Los frameworks tienen lugar cuando el tamaño del producto lo justifica, pero existe un espacio enorme donde vanilla JavaScript bien organizado aporta claridad de dependencias y coste de entrada bajo tanto para desarrolladores como para operaciones.

El error habitual es usar «vanilla» como sinónimo de archivo único gigante. La solución está en aplicar mentalidad de componentes sin imponer un runtime específico.

Qué entiendo por componente en este contexto

Un componente no es necesariamente un JSX: es una pieza autocontenida con comportamiento conocido en el cliente, marca accesible y estilos con alcance definido (scope). Puede exponer métodos públicos claros como mount, destroy o callbacks registrados mediante eventos del DOM estándar.

La clave es que nadie llega al interior del DOM ajeno. Si necesitas comunicación, usa Custom Events o un canal pequeño de mensajes en memoria donde los módulos se suscriben por nombre de tema, no por referencias imperativas entre todos.

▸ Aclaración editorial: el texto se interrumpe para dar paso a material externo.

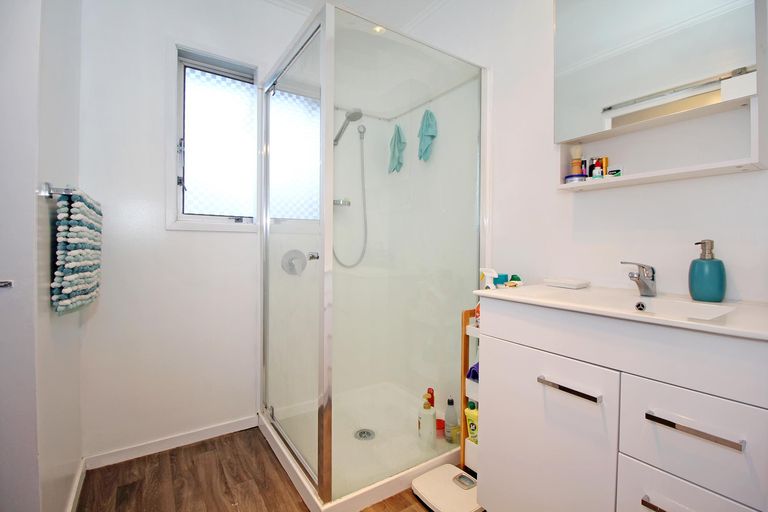 Photo of property in 2/18 Wellington Street, Papakura, 2110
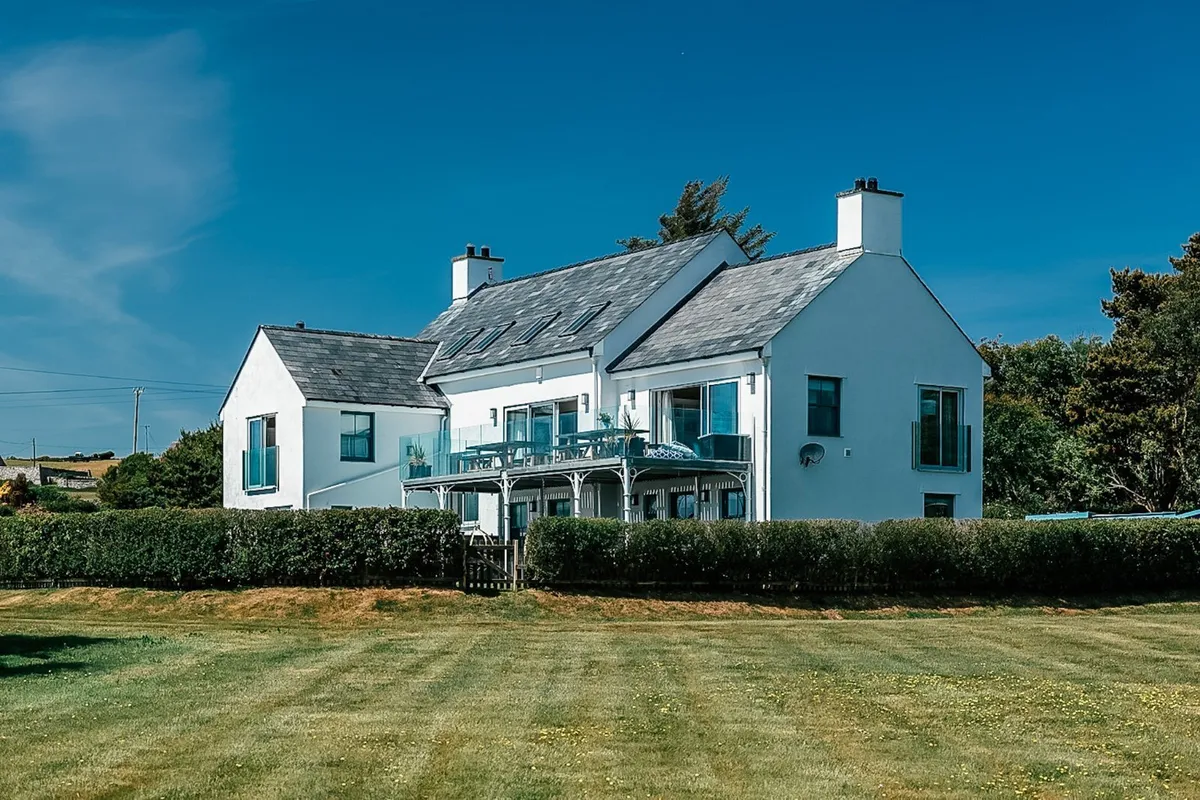 Rhoscolyn, Holyhead, Sir Ynys Mon, LL65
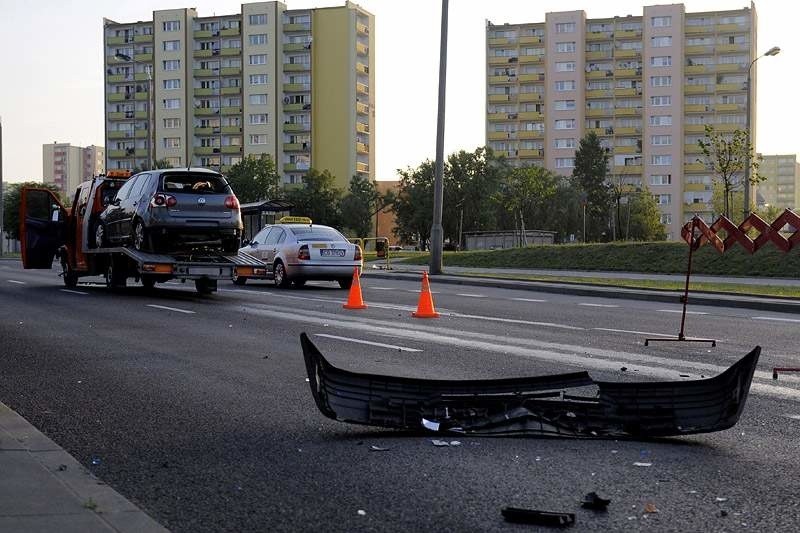 Śmiertelny wypadek na Kujawskiej. Zginął pracownik poczty [zdjęcia]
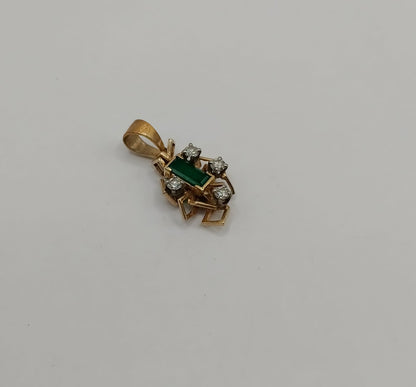 Dije con priedra verde ORO 10k peso 2.2gr, usado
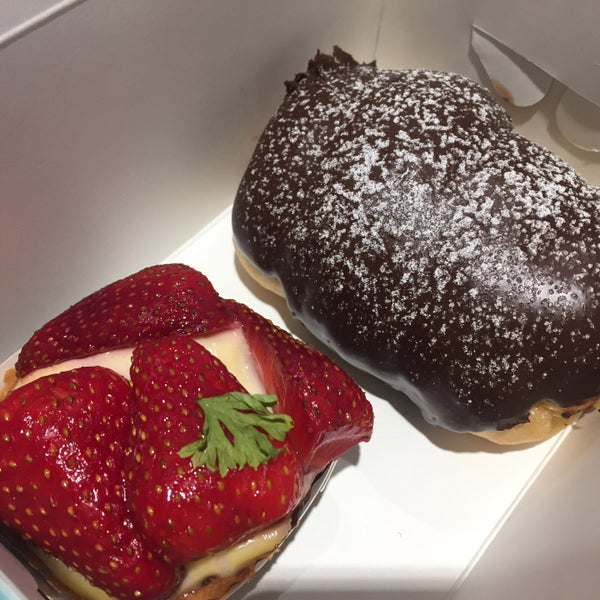 Пекарню berrybakery новосибирск. Berry bakery. Berry bakery. Мерри берри. Berry bakery.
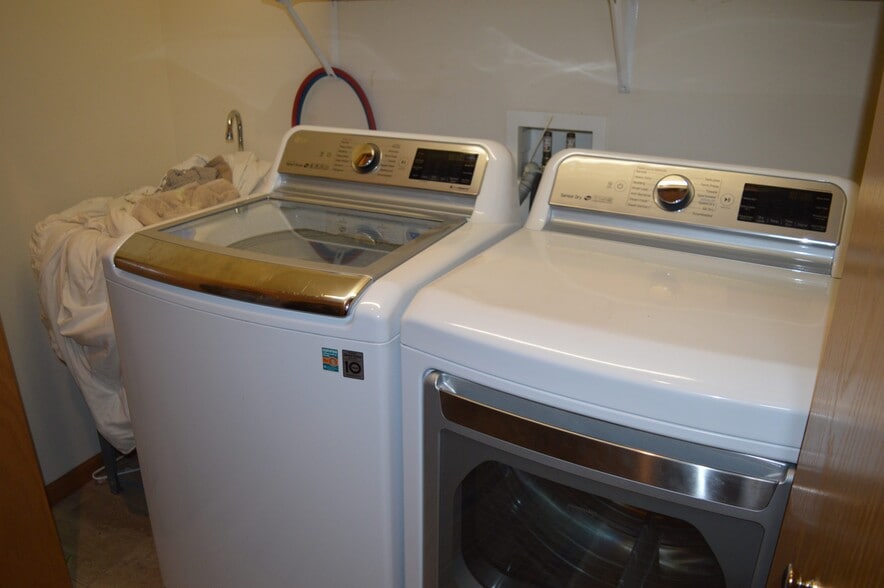 Building Photo - 2995 Kentville Dr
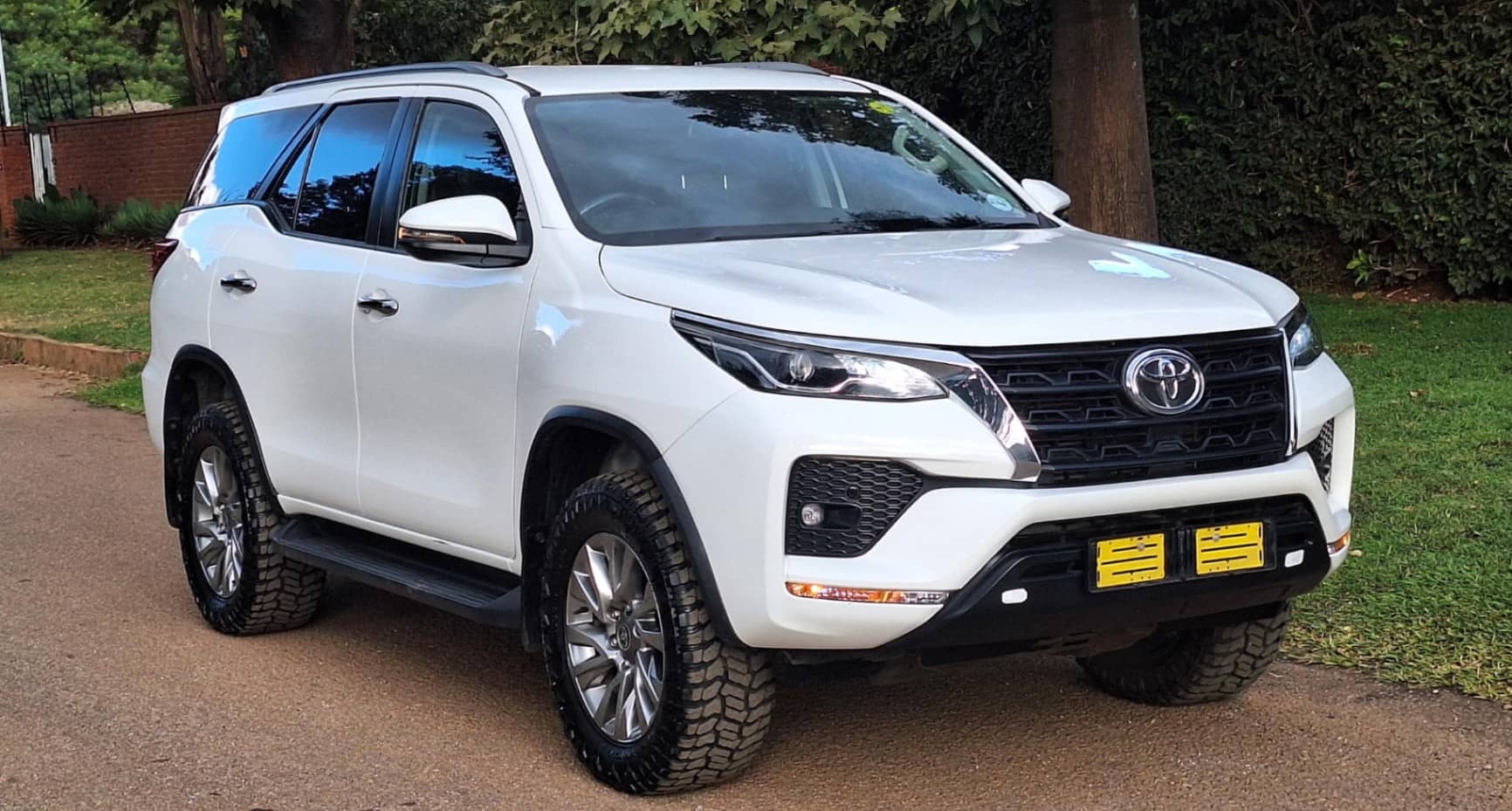 6c09121f-ec46-4dfa-922f-41c27fffbd07: Vehicle: Toyota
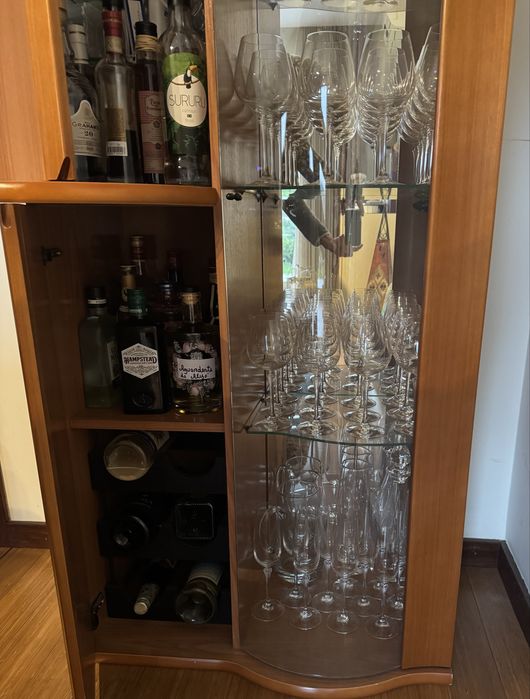 Movel Cristaleira com bar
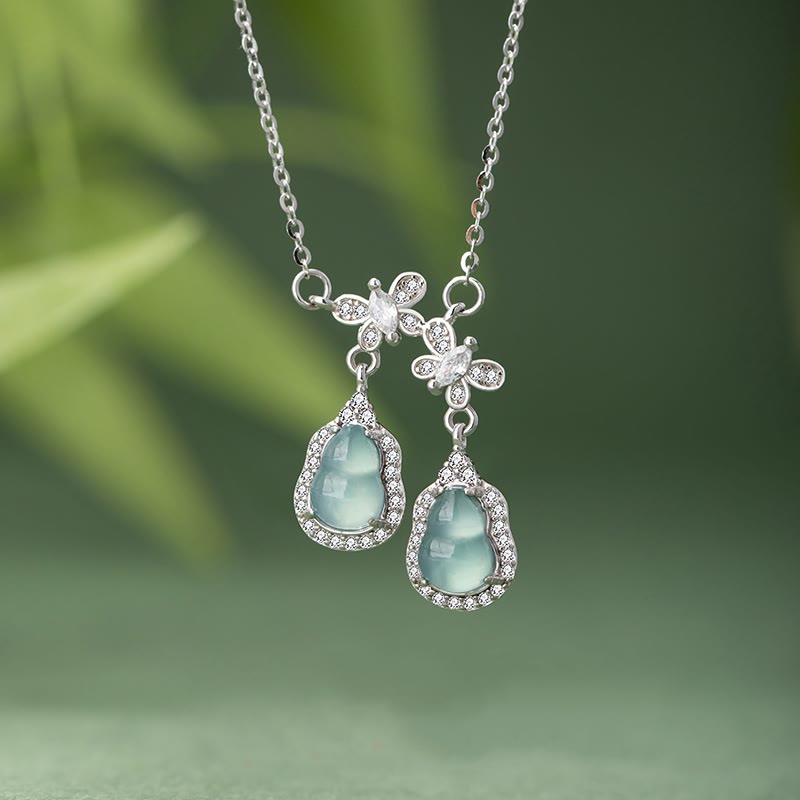 Collar con colgante de mariposa de la suerte con doble calabaza de jade verde y piedras de Buda en plata de ley 925
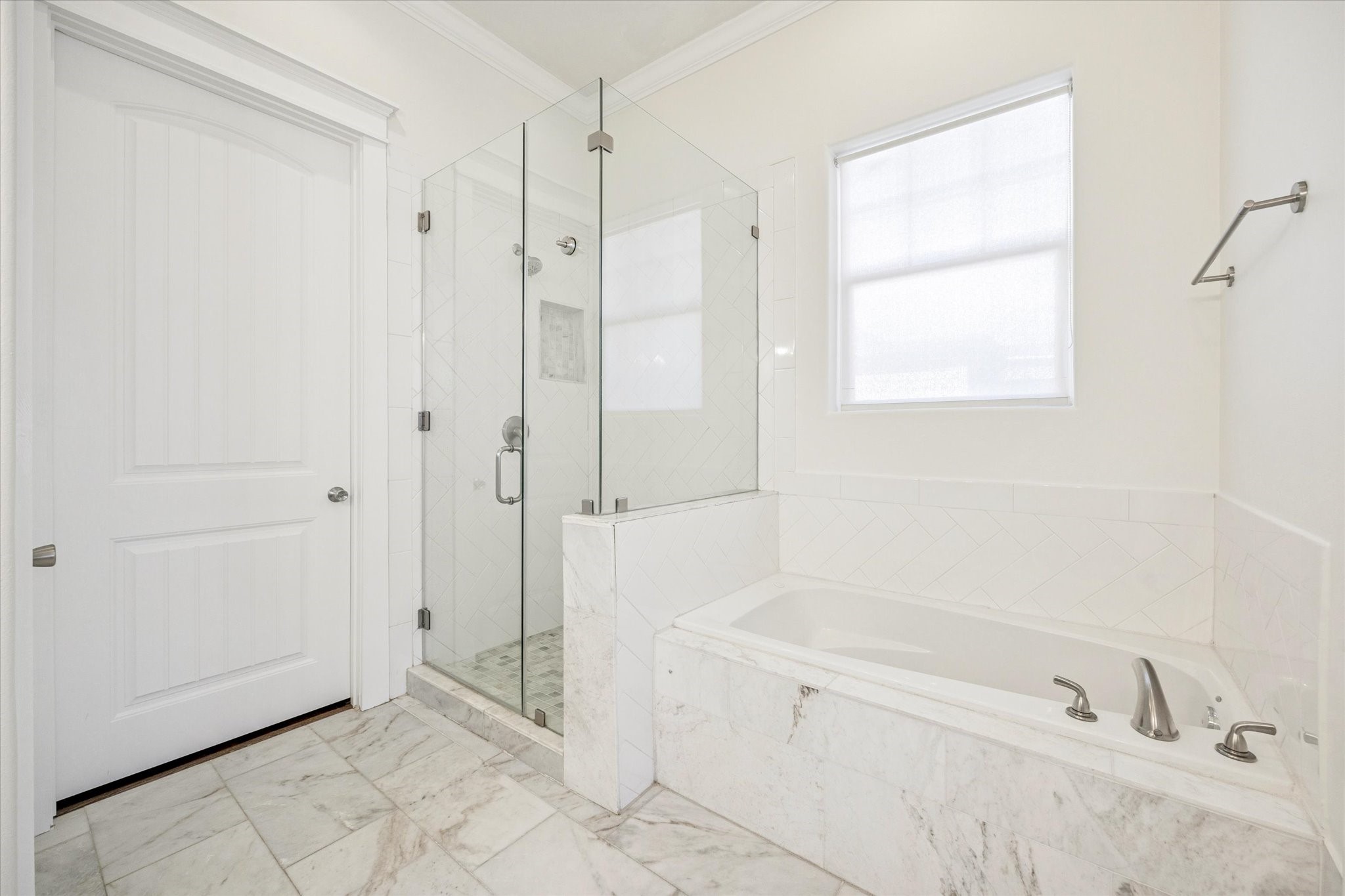 304 Walton Street Houston, TX 77009 - Photo 16 of 28 The primary bathroom is spa like complete with jetted tub, separate shower, and a walk in closet.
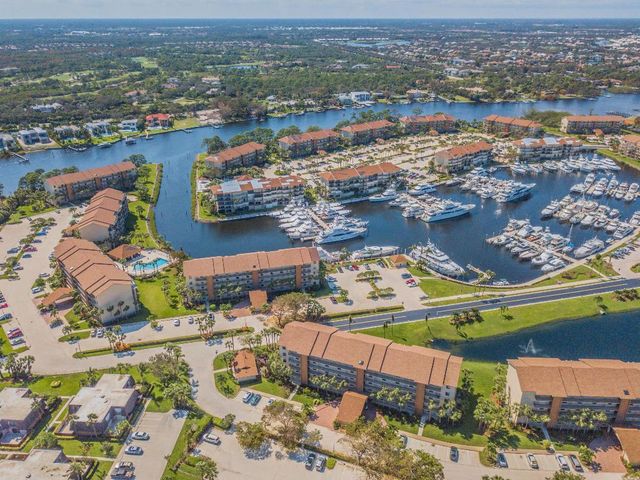 2601 Marina Isle Way 402, Jupiter, FL 33477
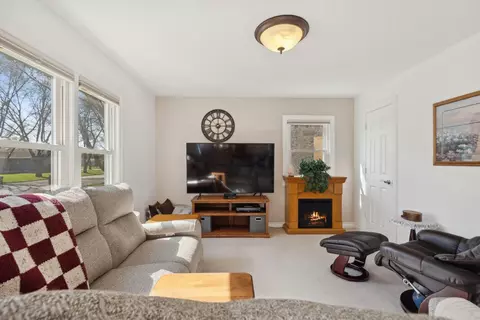 310 2nd St E, Hector, MN 55342 photo 6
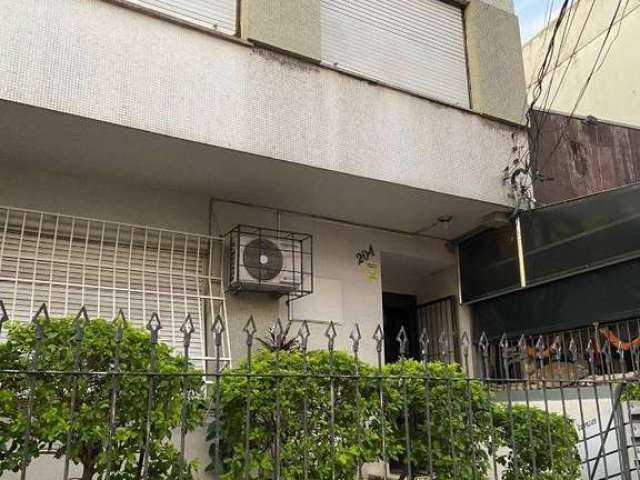 Apartamento com 2 quartos, no bairro Rio Branco com  banheiro social, cozinha, living 2 ambientes, tudo reformado. Pronto para morar.&lt;BR&gt;&lt;BR&gt;O bairro Rio Branco em Porto Alegre está próxim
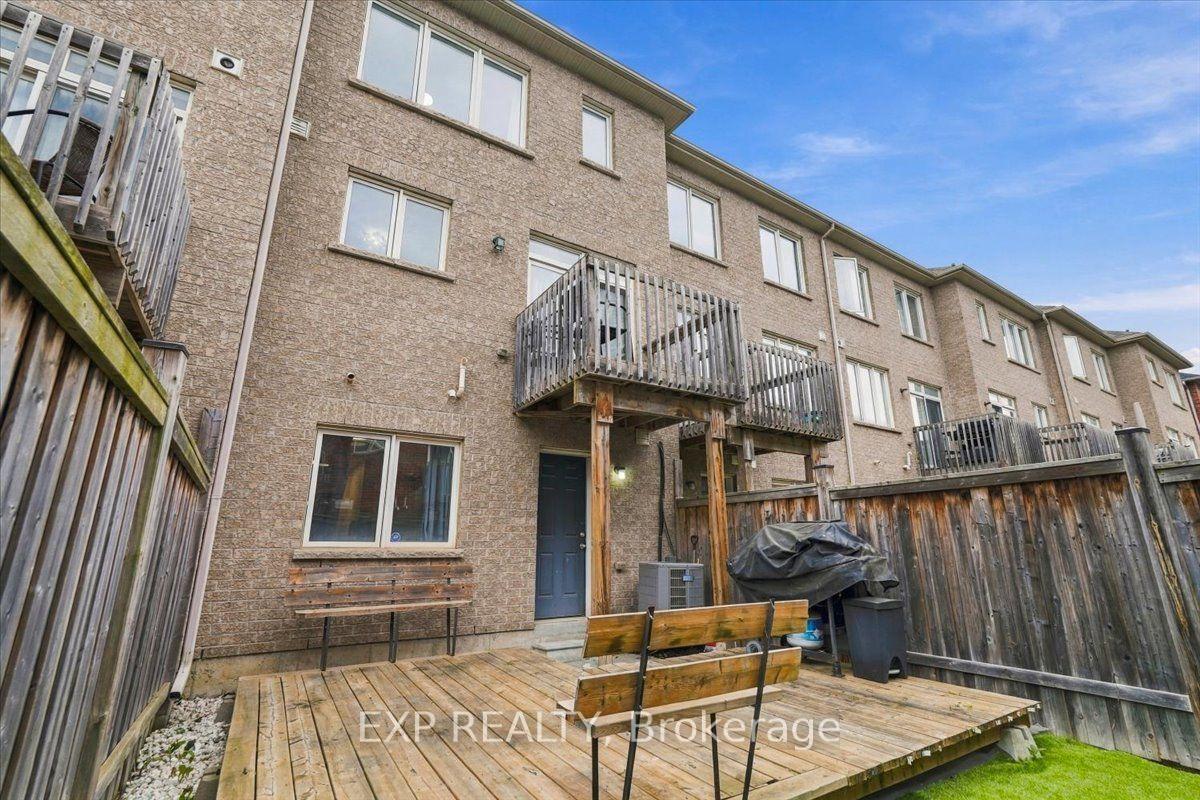 Photo 37 of 27 Rockbrook Trail, Brampton, Northwest Brampton — HOMEH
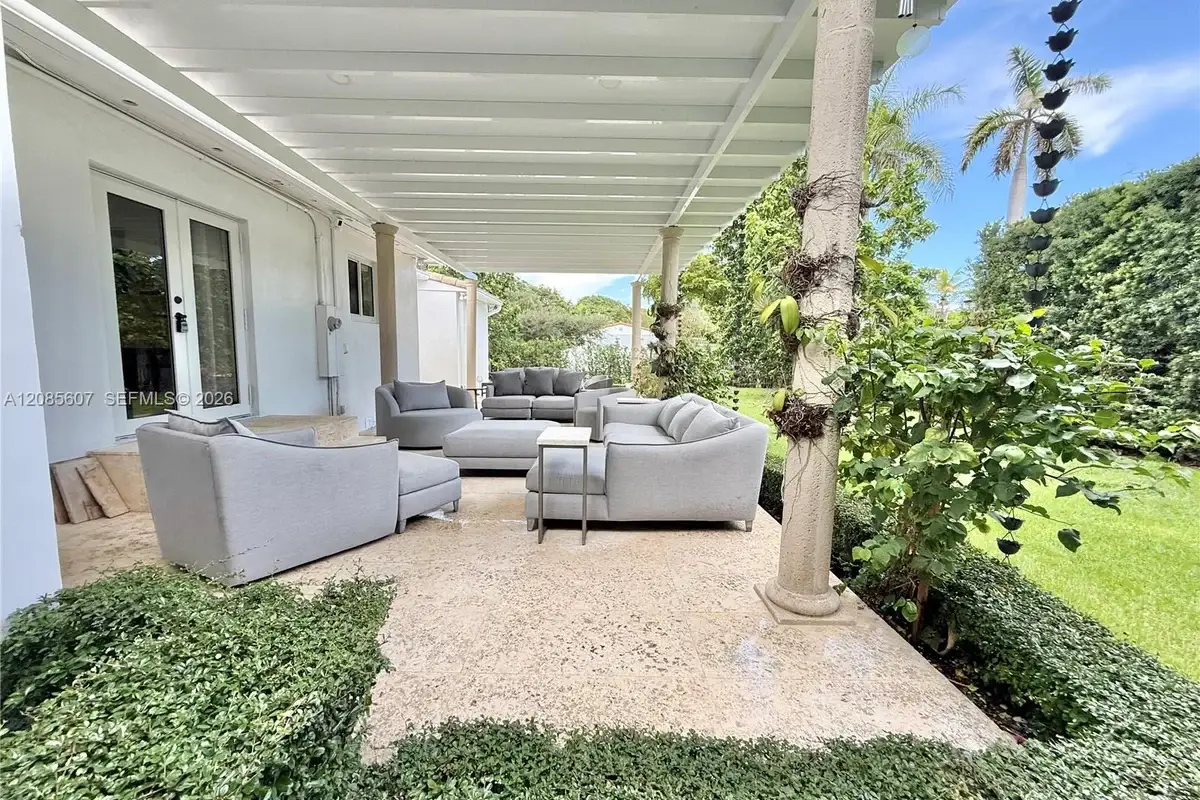 2001 Coral Gate Dr, Miami: photo 1 of 49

Estructura de carpetas que escala tranquilamente

Un patrón que funciona muy bien para sitios contenido-pesados o paneles intermedios:

  • components/ con una carpeta por bloque (hero/, filter-bar/, …) conteniendo Component.ts, styles.css, y cuando haga falta template.html o helpers.
  • lib/ para utilidades compartidas sin acoplar a UI.
  • pages/ solo como composición que importa y monta componentes.

Las hojas de estilo pueden importarse desde el mismo módulo o concatenarse por build si usas Astro, Vite o similar —lo importante es co-localizar.

Rendimiento percibido y bundle

Ventaja directa reducida: solo cargas el JS del componente donde el HTML lo marca. Comparado con un árbol de React que inicializa incluso vistas no vistas, bien encajado el vanilla permite hidratar con coste proporcional.

Eso ayuda cuando el equipo prioriza Lighthouse o mercados donde la velocidad influye fuertemente en conversión —tema relacionado de hecho con otras auditorías que publico sobre Core Web Vitals.

Migración cuando el proyecto crece

El camino habitual es partir de markup estático bien semántico y añadir capas incrementales:

  1. Estado local en cada componente antes de exponer estado global compartido.
  2. Una capa mínima de «router» que solo muestra/oculta secciones o delega URLs.
  3. Opcional más adelante: adoptar herramientas que compilen al mismo modelo Web Components si quieres reutilización multi-proyecto.

Conclusión

Arquitectura basada en componentes no necesita sintaxis JSX ni un virtual DOM. Lo que necesita son contratos claros, límites y disciplina igual que cualquier equipo front maduro —con la ventaja añadida de que cargas menos abstracción cuando el proyecto aún puede permitírselo.